Если жизнь утверждается как самодовлеющее созерцание, противопоставленное конфликтам, то меняется и статус веры: если неверие основывает представление о случайности всего сущего на частных наблюдениях, то вера утверждает себя как принцип закономерных изменений, органических и аффицирующих, способных менять человека и меняться очевидным образом прямо на глазах: чудо веры и чудо ее восприятия совпадают.
Представление о событийности в мире собственности как о безысходных губительных конфликтах распространяется и на интерпретацию священной истории. М.Д. Муретов развивает версию предательства Иуды, в которой Иуда не был рабом намерений, но напротив, попытался опровергнуть все чужие намерения как ложные, но поневоле, уничтожая структуру чужих намерений, он стал выступать как моралист. Говоря терминами Гегеля, Иуда не смог произвести никакого положительного синтеза, потому что отрицание одних намерений механически ведёт к торжеству других намерений, опровержения тезиса другим собственным тезисом, а не антитезисом, не приводит к синтезу. Отсюда печальная судьба собственника и сребролюбца Иуды.
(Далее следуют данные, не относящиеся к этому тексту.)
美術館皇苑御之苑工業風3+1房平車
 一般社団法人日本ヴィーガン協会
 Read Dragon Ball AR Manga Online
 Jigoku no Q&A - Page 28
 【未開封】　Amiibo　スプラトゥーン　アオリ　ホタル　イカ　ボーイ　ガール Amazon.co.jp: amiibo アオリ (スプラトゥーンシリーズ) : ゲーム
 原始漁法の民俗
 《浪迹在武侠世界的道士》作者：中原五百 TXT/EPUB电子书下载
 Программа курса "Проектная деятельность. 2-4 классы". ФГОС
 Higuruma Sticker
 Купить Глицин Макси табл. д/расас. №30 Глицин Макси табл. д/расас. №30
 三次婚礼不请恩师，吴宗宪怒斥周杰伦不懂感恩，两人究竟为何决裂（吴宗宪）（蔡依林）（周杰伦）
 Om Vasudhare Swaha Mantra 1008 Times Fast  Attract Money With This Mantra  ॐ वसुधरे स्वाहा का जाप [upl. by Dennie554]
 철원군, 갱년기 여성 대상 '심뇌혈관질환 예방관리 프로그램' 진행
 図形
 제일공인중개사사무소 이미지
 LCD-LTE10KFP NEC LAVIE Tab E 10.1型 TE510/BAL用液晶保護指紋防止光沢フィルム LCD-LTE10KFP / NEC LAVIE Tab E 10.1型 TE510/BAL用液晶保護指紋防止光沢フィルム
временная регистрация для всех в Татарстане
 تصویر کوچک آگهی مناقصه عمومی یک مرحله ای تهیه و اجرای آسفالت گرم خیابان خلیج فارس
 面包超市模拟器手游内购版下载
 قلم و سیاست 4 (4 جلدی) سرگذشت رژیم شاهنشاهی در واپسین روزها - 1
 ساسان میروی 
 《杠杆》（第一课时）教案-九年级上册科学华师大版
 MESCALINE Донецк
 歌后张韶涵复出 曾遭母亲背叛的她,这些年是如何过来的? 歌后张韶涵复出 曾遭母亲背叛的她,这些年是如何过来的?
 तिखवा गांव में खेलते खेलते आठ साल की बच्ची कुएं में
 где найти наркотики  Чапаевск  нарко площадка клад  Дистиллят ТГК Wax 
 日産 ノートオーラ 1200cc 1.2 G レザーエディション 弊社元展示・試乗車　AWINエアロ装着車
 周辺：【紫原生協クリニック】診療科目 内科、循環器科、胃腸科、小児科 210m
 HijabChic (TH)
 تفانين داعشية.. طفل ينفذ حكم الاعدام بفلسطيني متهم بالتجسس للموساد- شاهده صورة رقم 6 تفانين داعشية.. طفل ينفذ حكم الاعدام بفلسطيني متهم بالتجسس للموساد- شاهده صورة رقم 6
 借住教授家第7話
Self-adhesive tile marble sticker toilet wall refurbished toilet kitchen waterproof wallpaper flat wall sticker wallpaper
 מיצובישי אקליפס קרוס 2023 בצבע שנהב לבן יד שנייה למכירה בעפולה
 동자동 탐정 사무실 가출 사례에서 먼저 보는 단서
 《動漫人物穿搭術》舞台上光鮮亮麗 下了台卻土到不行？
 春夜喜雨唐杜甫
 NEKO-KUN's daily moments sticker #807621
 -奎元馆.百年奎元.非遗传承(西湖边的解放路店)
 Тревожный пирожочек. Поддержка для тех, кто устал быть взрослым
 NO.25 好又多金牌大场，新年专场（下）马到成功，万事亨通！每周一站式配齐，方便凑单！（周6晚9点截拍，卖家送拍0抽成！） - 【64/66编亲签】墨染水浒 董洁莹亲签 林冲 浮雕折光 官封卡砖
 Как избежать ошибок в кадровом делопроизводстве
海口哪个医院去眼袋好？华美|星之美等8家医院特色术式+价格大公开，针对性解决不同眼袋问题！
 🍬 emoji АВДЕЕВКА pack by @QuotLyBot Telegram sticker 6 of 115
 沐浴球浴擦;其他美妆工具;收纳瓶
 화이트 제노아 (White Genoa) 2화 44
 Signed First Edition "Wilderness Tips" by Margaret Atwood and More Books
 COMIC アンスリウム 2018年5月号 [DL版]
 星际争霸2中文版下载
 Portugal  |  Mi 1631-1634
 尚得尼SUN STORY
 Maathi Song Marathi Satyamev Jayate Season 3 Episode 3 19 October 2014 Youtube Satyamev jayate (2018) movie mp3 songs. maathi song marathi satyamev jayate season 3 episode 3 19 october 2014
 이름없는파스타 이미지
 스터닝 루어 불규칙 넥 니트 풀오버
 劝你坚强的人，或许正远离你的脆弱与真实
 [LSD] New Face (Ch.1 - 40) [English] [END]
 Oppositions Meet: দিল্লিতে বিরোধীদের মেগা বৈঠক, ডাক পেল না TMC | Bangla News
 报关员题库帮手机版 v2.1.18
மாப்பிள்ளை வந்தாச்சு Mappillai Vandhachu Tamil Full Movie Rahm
Согласно Муретову, омовение ног ученикам было главным скандалом для Иуды, и спровоцировавшим его предательство: он увидел в этом незаслуженную милость для всех, и после этого уже не мог мыслить жизнь, сама жизнь стала для него скандальной, и он превратился в предателя и казначея ценностей [Муретов, 1906, c. 40]. Предательство сведено к привычкам собственности и отвычке к синтезу.
Тезис-антитезис-синтез
Итак, тезис должен позволить справиться с наивным присвоением собственности, антитезис – осознать неустойчивость прежде устойчивых свойств и понятий, а синтез как органический процесс показать, что вещи и отношения к ним не поддаются готовым классификациям. Такое гегельянство, без прямых ссылок на Гегеля, многих рассматриваемых авторов, напоминает позднейшее французское гегельянство Кожева, Валя и Ипполита, которые поняли синтез как переизобретение всеобщего достоинства человека. Так триада Гегеля служила новому пониманию органического, как не относящегося к отношениям собственности, но при этом живого и аффицирующего.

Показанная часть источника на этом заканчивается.